Mayor Gord Van Tighem said there are "several" in town.

Previous mayor Dave Lovell told Yellowknifer more than 12 years ago that an erroneous shipment of manhole covers came to Yellowknife and were used when needed. He had stated the covers would be replaced over time but more than a decade later, the manholes continue to sit snug on Yellowknife streets.

"Once you've got them, what's it going to cost to send them away? So forget it," said Van Tighem.

"Where we are, if you go back in history, if you got stuff that would work, you used it."

The City of Yellowknife acquires its manholes from Norwood Foundry Limited, based out of Nisku, Alta. Stephanie Shoebottom, who works in sales at the company's Nisku head office, said there are sporadic occasions when certain towns or cities will use excess stock to save cost – even if it means having a different logo on it.

"It could have been the contractor had extra left over and instead of returning product, generally contractors or whoever wins the bid is who pays for the freight,” said Shoebottom.

“It is more economical to say, 'Is it OK if I put this in your town?'"

"Say Yellowknife changed their (specification), and I can't sell them to you anymore, then I can sell them to a discounted price to someone else who doesn't really care what it says."

Shoebottom finds herself looking down on the ground constantly for either her company's logo, its customers' logos or her company's competition.

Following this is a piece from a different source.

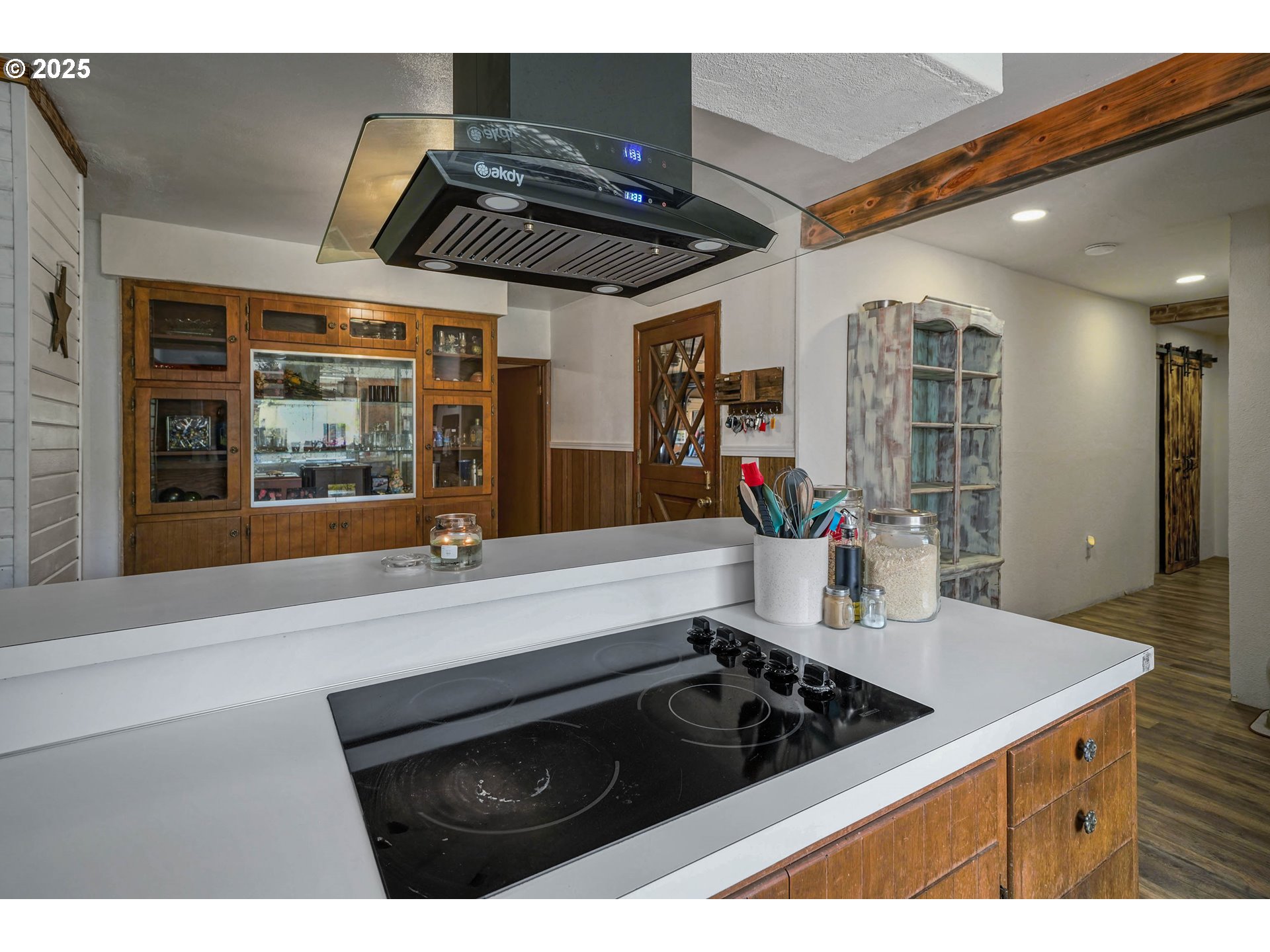 4435 Hazelgreen Road Northeast Salem, OR 97305 - Photo 15 of 34 Gallery Image 15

"We're constantly on the look out to see who's using what product where, but a lot of people when they walk do not look down," she said.

Van Tighem said he can vouch for the fact that not many Yellowknifers are looking down too often or taking note of what's on the sidewalk. In the 12 years he has sat as mayor, he has received two questions about the City of Whitehorse manhole covers.

"It's like how many people notice the fish on the drains. The storm sewer drains have a little copper fish on them that say don't pollute."

Defny Torindo works as a receptionist at Chateau Nova Hotel, outside of which sits one of the misnamed manhole covers. She said she walks right over it every morning yet never looked down long enough to see the name of the other capital city.

"I have never noticed it before … It's weird."